Mantatao Island

Geography
- Coordinates: 9°56′34″N 123°51′17″E﻿ / ﻿9.94278°N 123.85472°E
- Archipelago: Philippine
- Adjacent to: Cebu Strait
- Area: 0.06 km^{2} (0.023 sq mi)

Administration
- Philippines
- Region: Central Visayas
- Province: Bohol
- Municipality: Calape
- Barangay: Mantatao

Demographics
- Population: 873 (2024)
- Pop. density: 14,550/km^{2} (37680/sq mi)
- Ethnic groups: Cebuano

= Mantatao Island =

Island of Bohol, Philippines

Mantatao is an island off the coast of Bohol, Philippines. Situated in the Cebu Strait, the island is approximately 5 km north-northwest from the town center of Calape, Bohol. Mantatao is one of multiple chains of islands located in the Danajon Bank, the only double barrier reef in the country. The island is one of the 33 barangays that comprise the municipality of Calape. As of 2024, Mantatao's population is 873.

With a total estimated area of 0.06 km2, the island has a high population density. It is known for having an abundance of fish, squid, shell/clams and seaweeds. Mantatao Island is surrounded by mangrove forest, which is the natural habitat for marine creatures. It has an elementary school and a diesel power plant, which is operated by the National Power Corporation.

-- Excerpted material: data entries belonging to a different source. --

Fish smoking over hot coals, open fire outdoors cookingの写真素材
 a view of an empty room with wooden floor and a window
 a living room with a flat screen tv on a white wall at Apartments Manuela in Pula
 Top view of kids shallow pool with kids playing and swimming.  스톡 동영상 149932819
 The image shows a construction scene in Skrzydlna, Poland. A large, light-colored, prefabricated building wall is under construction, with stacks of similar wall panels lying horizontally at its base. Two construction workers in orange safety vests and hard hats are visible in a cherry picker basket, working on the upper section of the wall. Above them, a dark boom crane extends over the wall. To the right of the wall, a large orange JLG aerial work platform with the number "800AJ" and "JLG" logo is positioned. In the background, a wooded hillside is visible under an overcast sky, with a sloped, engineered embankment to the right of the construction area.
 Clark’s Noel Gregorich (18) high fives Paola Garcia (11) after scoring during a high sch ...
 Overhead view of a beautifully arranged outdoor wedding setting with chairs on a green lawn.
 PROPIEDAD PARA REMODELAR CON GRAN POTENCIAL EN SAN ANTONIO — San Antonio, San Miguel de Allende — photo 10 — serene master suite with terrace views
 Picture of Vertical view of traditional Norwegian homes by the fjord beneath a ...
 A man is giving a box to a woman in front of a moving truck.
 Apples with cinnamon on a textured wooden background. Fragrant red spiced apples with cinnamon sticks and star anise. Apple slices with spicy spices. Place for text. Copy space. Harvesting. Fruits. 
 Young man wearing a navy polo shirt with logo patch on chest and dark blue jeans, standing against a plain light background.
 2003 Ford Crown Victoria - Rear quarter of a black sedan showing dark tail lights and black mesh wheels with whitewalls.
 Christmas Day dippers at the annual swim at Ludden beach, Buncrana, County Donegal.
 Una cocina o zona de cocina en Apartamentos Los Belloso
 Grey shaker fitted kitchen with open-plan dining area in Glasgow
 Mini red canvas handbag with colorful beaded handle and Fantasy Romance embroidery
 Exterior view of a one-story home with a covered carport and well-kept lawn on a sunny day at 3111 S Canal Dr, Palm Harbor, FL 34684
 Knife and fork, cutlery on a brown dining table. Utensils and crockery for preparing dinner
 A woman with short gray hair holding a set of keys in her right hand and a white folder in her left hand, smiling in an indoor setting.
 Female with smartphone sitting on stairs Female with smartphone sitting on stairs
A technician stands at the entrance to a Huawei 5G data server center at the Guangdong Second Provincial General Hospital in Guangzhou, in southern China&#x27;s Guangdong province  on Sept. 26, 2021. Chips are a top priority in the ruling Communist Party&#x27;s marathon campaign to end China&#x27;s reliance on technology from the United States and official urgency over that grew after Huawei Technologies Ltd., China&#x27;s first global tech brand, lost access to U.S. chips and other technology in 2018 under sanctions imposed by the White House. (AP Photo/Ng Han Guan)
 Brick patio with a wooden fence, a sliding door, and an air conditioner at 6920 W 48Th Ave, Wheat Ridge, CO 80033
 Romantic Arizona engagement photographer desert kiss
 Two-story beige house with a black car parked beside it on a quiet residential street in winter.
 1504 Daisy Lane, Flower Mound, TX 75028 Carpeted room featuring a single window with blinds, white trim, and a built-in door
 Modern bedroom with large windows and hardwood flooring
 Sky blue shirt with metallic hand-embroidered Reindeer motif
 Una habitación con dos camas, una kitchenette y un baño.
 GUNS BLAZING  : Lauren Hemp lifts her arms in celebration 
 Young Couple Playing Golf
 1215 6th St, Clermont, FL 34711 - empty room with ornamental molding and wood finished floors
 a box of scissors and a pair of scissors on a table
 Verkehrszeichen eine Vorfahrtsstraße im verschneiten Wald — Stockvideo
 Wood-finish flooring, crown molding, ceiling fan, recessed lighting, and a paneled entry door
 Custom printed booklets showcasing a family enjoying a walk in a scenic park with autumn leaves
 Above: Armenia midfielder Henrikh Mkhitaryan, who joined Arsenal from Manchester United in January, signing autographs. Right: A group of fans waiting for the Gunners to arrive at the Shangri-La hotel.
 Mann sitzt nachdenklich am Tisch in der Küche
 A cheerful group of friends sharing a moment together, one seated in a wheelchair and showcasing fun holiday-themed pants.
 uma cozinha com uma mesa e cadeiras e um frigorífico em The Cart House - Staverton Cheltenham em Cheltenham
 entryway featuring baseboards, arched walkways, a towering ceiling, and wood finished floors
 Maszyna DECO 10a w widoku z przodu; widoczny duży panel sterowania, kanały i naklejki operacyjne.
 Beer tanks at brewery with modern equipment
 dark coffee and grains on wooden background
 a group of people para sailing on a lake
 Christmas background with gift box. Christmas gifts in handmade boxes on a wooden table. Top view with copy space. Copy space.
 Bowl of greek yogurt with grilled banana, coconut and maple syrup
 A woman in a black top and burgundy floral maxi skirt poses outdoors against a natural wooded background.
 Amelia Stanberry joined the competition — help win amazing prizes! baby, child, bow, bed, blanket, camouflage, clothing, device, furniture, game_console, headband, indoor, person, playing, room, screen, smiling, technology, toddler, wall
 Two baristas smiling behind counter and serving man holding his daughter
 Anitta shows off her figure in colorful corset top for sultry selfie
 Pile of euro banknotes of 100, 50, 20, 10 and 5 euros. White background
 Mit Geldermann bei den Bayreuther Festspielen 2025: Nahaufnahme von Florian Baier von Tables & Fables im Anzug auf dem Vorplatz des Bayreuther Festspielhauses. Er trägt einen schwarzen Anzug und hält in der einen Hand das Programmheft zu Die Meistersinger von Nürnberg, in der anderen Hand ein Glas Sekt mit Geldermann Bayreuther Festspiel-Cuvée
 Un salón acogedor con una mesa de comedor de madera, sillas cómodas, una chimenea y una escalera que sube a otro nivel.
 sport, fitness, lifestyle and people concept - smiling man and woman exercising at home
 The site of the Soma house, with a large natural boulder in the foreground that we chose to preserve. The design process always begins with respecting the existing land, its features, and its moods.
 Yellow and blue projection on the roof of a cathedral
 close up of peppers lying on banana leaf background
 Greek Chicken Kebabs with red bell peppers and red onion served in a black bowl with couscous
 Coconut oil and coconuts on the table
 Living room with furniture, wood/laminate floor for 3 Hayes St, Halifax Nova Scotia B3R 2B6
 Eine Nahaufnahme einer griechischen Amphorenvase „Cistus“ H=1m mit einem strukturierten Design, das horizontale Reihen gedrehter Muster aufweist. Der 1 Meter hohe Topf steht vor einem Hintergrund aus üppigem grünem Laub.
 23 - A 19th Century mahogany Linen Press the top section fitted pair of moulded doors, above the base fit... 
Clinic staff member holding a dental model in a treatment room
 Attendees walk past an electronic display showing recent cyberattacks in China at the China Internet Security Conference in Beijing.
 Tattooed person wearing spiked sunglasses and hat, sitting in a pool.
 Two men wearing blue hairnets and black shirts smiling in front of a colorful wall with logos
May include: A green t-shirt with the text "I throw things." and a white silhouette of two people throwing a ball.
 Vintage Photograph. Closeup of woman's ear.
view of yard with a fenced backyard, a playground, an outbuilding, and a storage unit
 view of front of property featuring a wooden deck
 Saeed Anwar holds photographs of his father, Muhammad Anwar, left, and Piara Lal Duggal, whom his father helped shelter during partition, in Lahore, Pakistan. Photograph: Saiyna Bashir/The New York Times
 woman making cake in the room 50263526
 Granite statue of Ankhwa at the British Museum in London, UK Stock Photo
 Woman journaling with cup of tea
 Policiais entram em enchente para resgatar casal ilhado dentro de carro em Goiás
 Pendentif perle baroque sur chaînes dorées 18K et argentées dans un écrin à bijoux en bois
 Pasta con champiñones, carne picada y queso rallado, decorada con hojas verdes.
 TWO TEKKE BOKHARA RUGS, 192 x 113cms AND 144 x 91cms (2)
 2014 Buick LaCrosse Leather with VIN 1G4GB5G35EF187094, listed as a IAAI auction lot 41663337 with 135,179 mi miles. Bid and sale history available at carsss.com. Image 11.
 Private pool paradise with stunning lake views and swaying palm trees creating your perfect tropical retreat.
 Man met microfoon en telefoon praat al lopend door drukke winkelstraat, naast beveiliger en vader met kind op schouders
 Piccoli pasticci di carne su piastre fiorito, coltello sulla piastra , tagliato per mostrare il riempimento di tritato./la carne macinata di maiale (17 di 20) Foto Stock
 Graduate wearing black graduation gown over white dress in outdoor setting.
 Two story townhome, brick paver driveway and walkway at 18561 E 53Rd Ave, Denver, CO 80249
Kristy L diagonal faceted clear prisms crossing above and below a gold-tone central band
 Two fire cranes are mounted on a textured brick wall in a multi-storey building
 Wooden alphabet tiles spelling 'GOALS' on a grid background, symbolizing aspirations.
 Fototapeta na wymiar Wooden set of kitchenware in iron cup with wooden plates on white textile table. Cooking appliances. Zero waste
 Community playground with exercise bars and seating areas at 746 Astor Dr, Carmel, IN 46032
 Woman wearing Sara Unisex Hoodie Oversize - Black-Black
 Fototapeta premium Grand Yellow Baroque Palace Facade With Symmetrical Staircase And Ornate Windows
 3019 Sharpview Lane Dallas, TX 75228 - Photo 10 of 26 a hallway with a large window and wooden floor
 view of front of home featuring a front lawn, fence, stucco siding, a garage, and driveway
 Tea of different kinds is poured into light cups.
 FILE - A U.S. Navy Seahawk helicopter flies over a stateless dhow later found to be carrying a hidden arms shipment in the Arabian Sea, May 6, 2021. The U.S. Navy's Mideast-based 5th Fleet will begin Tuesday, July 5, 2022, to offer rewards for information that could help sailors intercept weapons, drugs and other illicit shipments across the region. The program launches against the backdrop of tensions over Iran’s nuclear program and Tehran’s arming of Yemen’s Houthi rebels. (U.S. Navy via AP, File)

Recently, the island has experienced several natural hazards that greatly impacted its inhabitants and their livelihood. Mantatao was affected during the 7.2 2013 Bohol Earthquake. The earthquake created a sinking or lowering of the ground known as subsidence. During high tide, the island becomes submerged as seawaters flood the entire island. In 2021, the residents of the island were affected by Typhoon Rai or Supertyphoon Odette in the Philippines. Families were immediately evacuated to the mainland prior to the typhoon's landfall.